Forecasting drives supply in your network. It sets the tone of supply chain planning. In many different contexts, a one percent improvement in forecast accuracy saves sometimes millions of dollars in inventory and other short-term working capital requirements.

Quite often forecasting is made synonymous with statistics and consultants/organizations spend most of their time developing forecasting algorithms that can detect that slight trend or cyclicality or changing seasonality pattern. In most cases algorithms work on numbers that may not be even "forecastable". Organizations sometimes not even draw a consensus on what numbers to forecast upon.

There are unanswered questions like – when should an organization realize sales, how should returns be treated, should billing cycles be accounted for, should an organization forecast on shipment, invoice date/quantity or better still point-of-sales. Sometimes organizations are also constrained by what information they have and can get or have control over. Given all these variables, it is very difficult for a forecasting organization to process actionable projected sales numbers from even best of algorithms.

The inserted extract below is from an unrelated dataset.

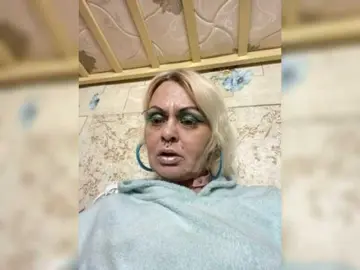 GardenerofIllusions  live sex cam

Imagine another situation where planners have to do forecasting distinctly on multiple geography-specific hierarchical structures or complex dynamic product hierarchical structures. One cardinal and painful truth that most organizations discover only after-the-fact is that a very complex forecasting business process breeds a very unmanageable demand planning solution with numerous customizations. The management consequently spends its attention and investment-worthy capital on maintaining this complex landscape. They spend time and energy in procuring and installing more powerful machines.

Forecasting solutions fail or do not deliver expected results if – either the solution is not embraced by the stakeholders or is way too complex to catch anyone's imagination.